*** DATASET RECORDS Section Begins ***

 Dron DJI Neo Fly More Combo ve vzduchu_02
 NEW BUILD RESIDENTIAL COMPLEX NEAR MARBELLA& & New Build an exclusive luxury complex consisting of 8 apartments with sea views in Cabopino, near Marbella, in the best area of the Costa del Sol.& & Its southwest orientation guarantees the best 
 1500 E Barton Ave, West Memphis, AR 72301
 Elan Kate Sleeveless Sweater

*** DATASET RECORDS Section Ends ***
*** DATASET RECORDS Section Begins ***

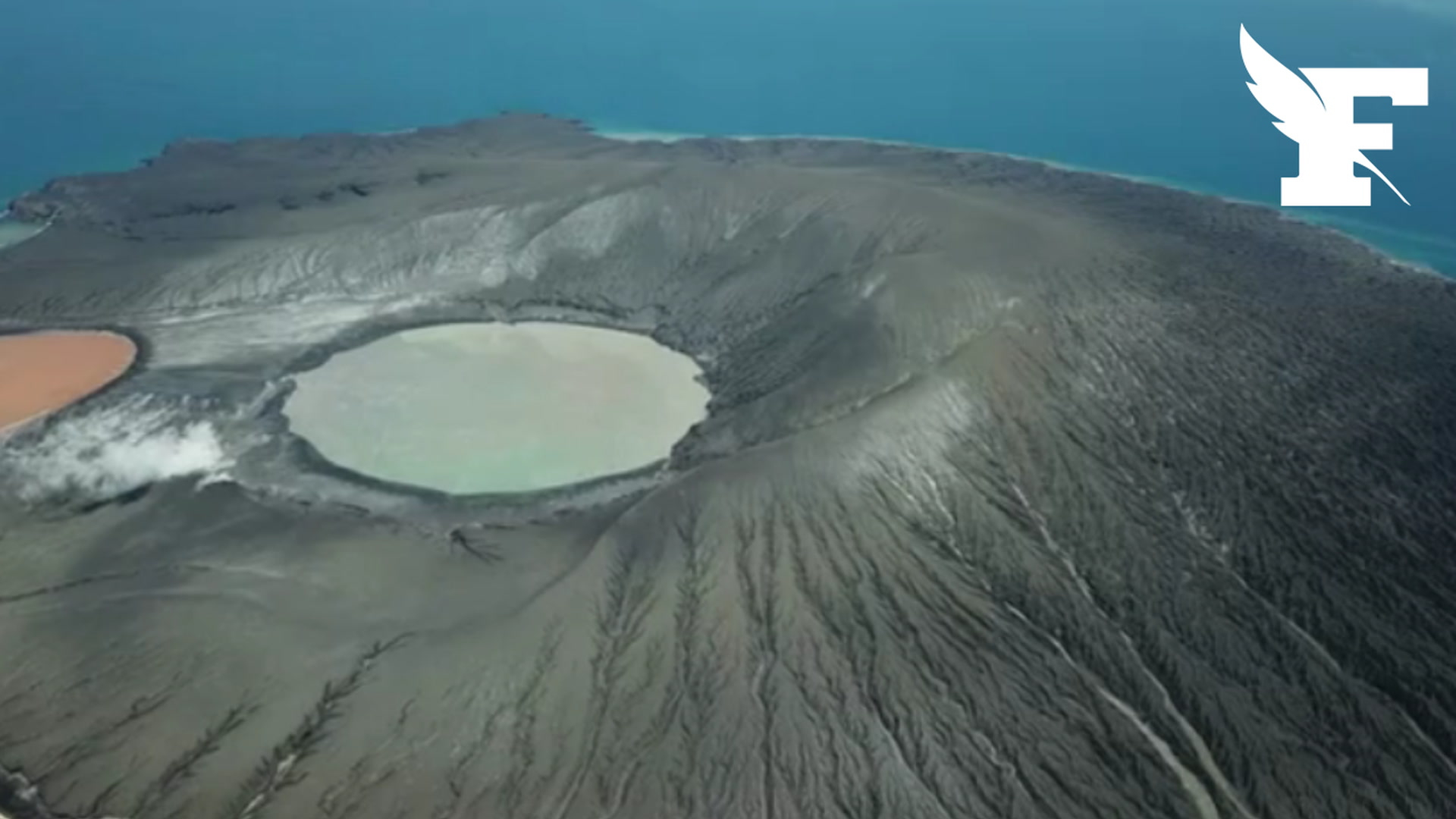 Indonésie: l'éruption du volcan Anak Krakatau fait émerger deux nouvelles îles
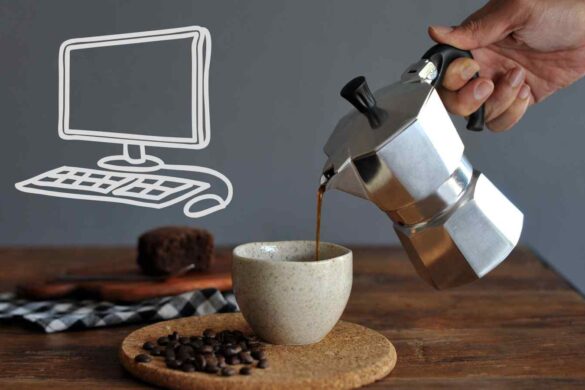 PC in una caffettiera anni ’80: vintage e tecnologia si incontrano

*** DATASET RECORDS Section Ends ***
*** DATASET RECORDS Section Begins ***

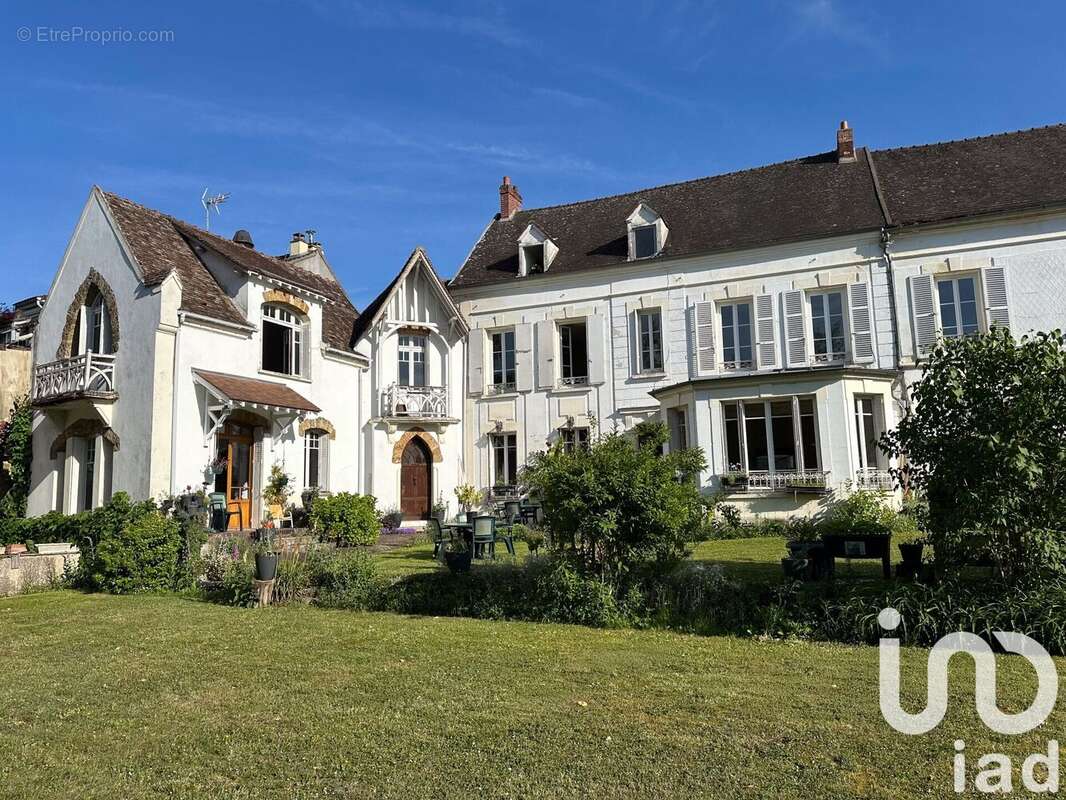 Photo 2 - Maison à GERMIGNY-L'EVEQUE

*** DATASET RECORDS Section Ends ***

ASSIGNMENT: In the listing above, find the line containing "Dron DJI Neo Fly More Combo ve vzduchu_02" and the line containing "Elan Kate Sleeveless Sweater", then retype both and every line between them exactly, with nothing else.

WRITTEN REPLY:
 Dron DJI Neo Fly More Combo ve vzduchu_02
 NEW BUILD RESIDENTIAL COMPLEX NEAR MARBELLA& & New Build an exclusive luxury complex consisting of 8 apartments with sea views in Cabopino, near Marbella, in the best area of the Costa del Sol.& & Its southwest orientation guarantees the best 
 1500 E Barton Ave, West Memphis, AR 72301
 Elan Kate Sleeveless Sweater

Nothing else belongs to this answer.